_What needs to be done_.
Please transcribe exactly the lines from the line holding "Unieke, Statige, Comfortabele" through the end of the data below, and skip any pictures.

_Extracted entries_.
········
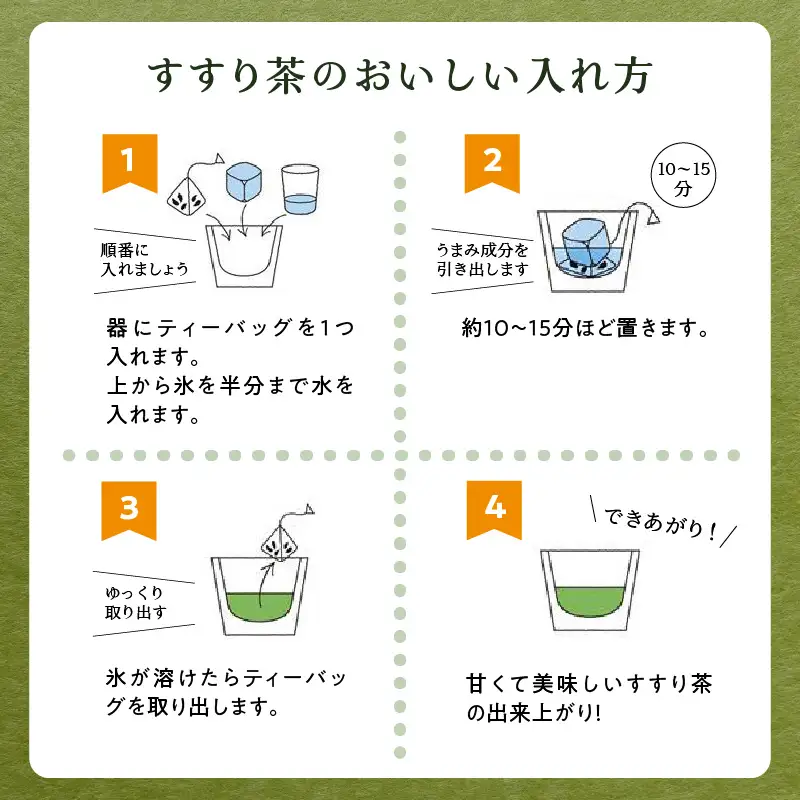 贅沢なひとときを楽しむ、氷水出しすすり茶（ティーバッグ）12個入り×5袋 お茶 八女茶 贅沢 嗜む 福岡県 八女市 071-004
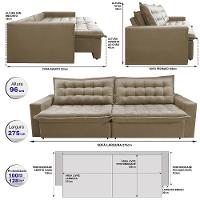 Sofá Retrátil Reclinável e Cama 2,75m Cama inBox Flex Suede Velusoft Bege - 2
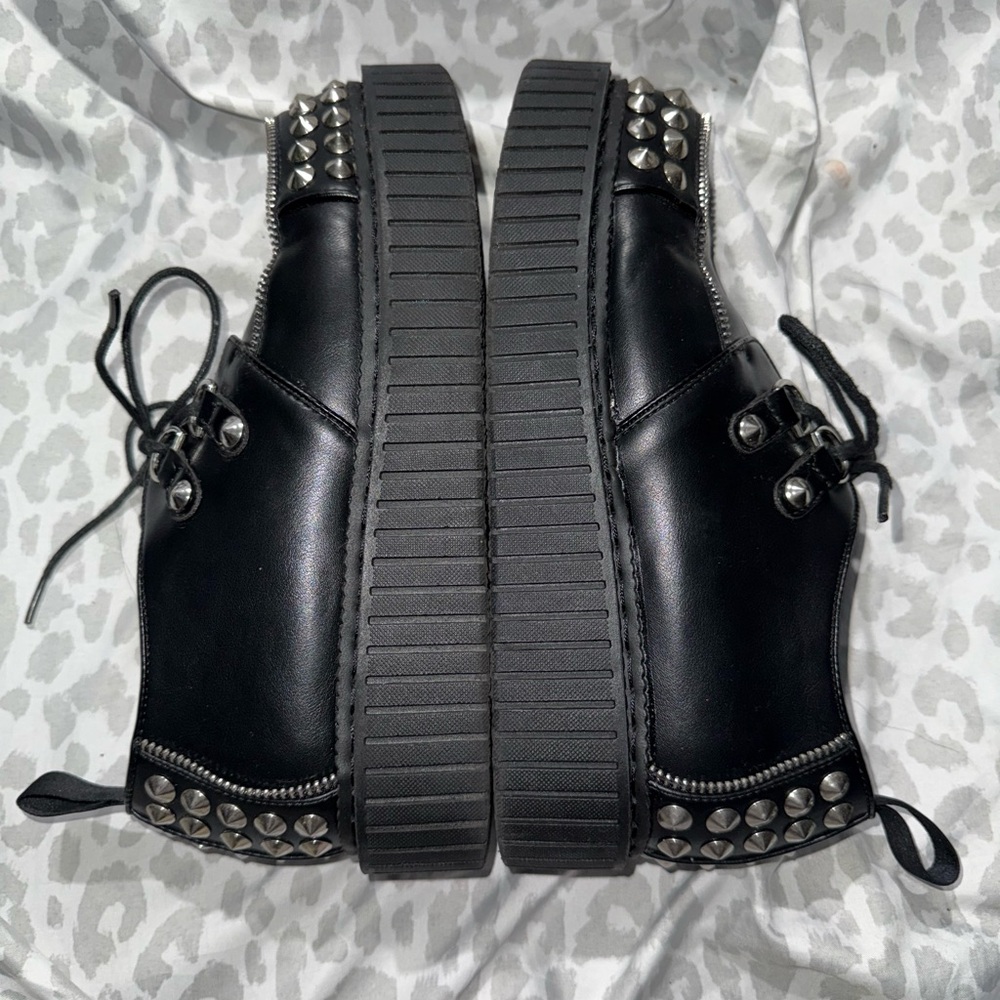 Dolls Kill Black Platform Shoes with Silver Studs - Picture 2 of 5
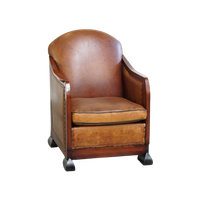 Unieke, Statige, Comfortabele Schapenleren Art Deco Design Fauteuil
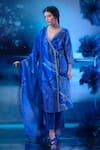 Buy_Mandira Wirk - Indian_Blue Chanderi Sequins, Embroidery V-neck Angarkha Set _at_Aza_Fashions
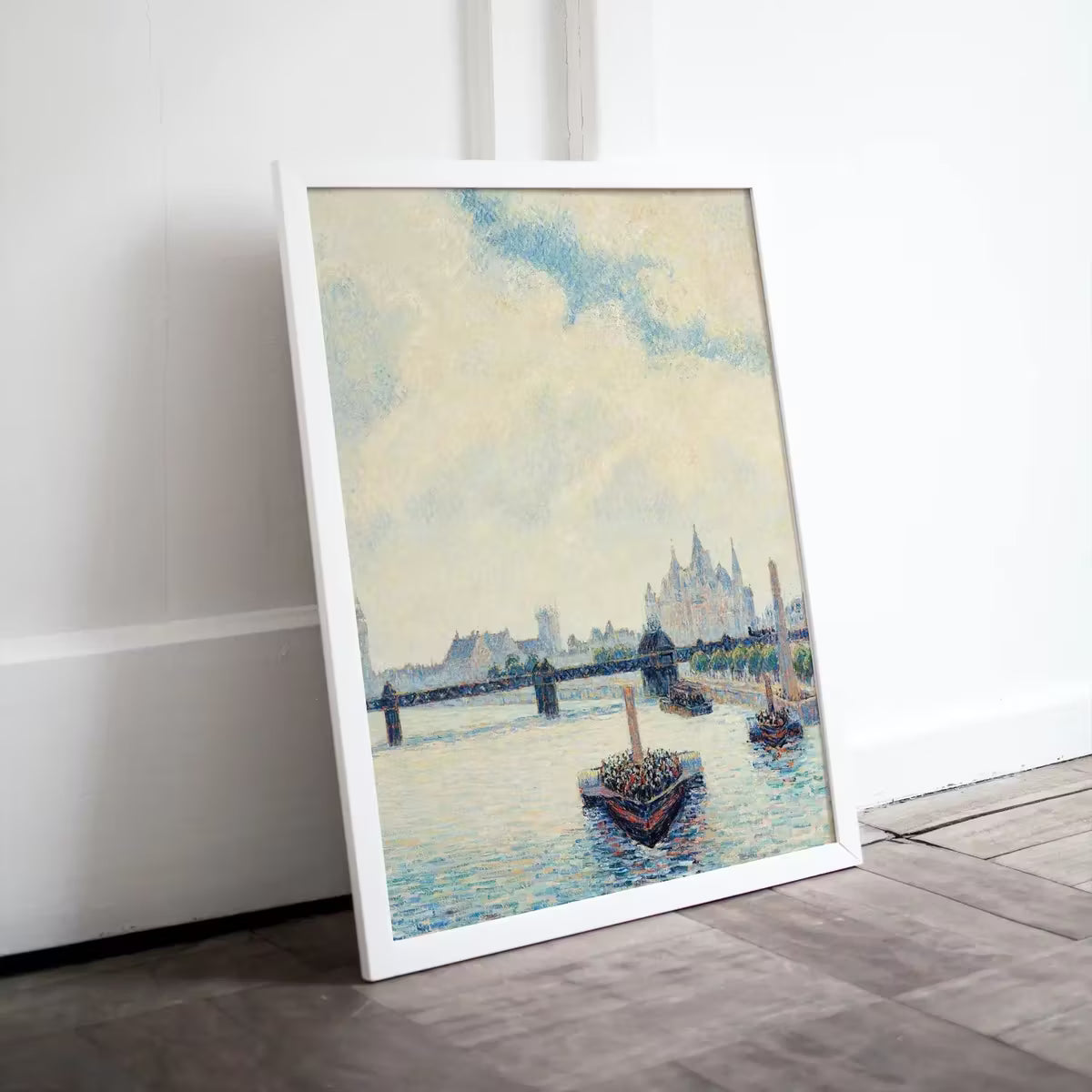 Charing Cross Bridge Vintage London Landscape Painting. Vertical Printable Wall Art. Home or Office Decor Print Digital Art Instant Download – Printable Wall Art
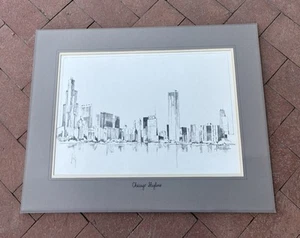 Arte de dibujo firmado paisaje urbano de Illinois Chicago Skyline vintage original 1979 - Imagen 1 de 12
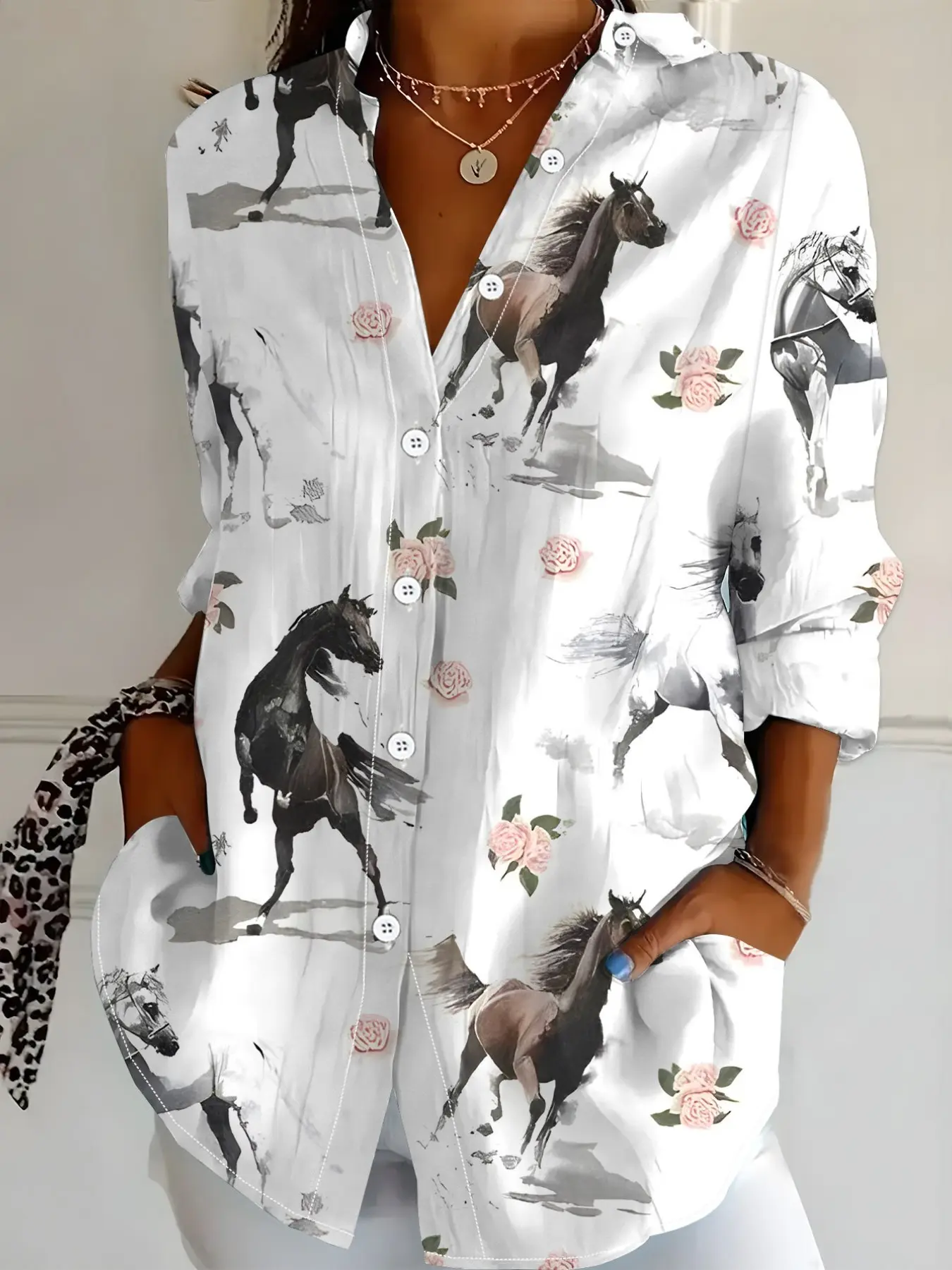 2026 New Women's American Western Style Horse Flower Print Collar Blouse, Unique Atmosphere Autumn Commute Chic Loose Shirt Jacket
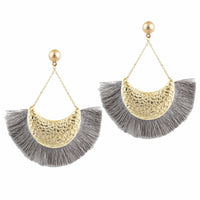 Retro geometric fan-shaped tassel earrings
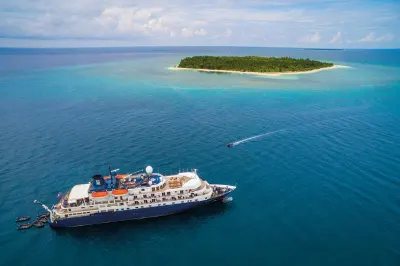 Cruise ship in tropical waters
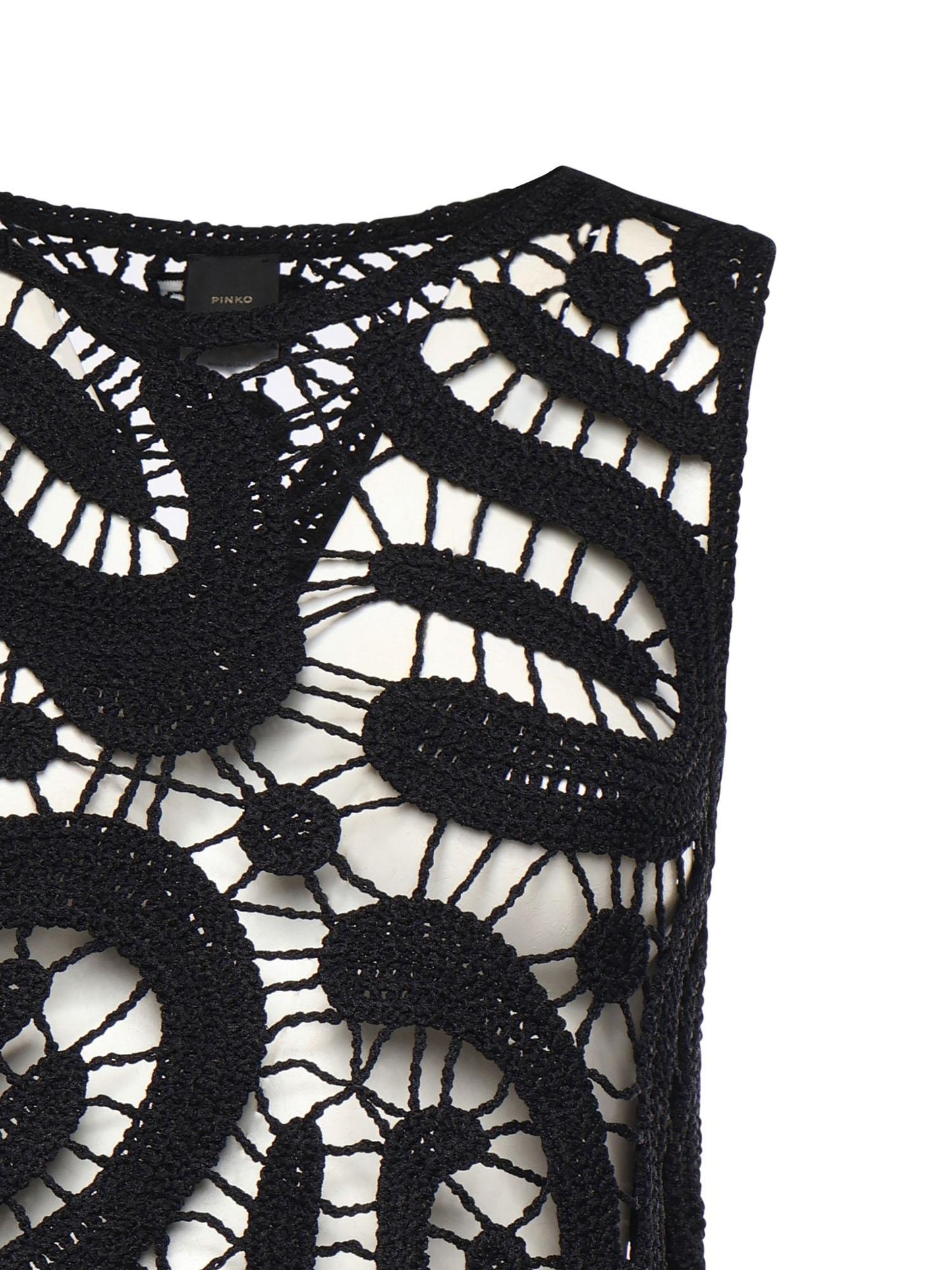 Top smanicato crochet geometrico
········
_Response to this exercise_.
 Unieke, Statige, Comfortabele Schapenleren Art Deco Design Fauteuil
 Buy_Mandira Wirk - Indian_Blue Chanderi Sequins, Embroidery V-neck Angarkha Set _at_Aza_Fashions
 Charing Cross Bridge Vintage London Landscape Painting. Vertical Printable Wall Art. Home or Office Decor Print Digital Art Instant Download – Printable Wall Art
 Arte de dibujo firmado paisaje urbano de Illinois Chicago Skyline vintage original 1979 - Imagen 1 de 12
 2026 New Women's American Western Style Horse Flower Print Collar Blouse, Unique Atmosphere Autumn Commute Chic Loose Shirt Jacket
 Retro geometric fan-shaped tassel earrings
 Cruise ship in tropical waters
 Top smanicato crochet geometrico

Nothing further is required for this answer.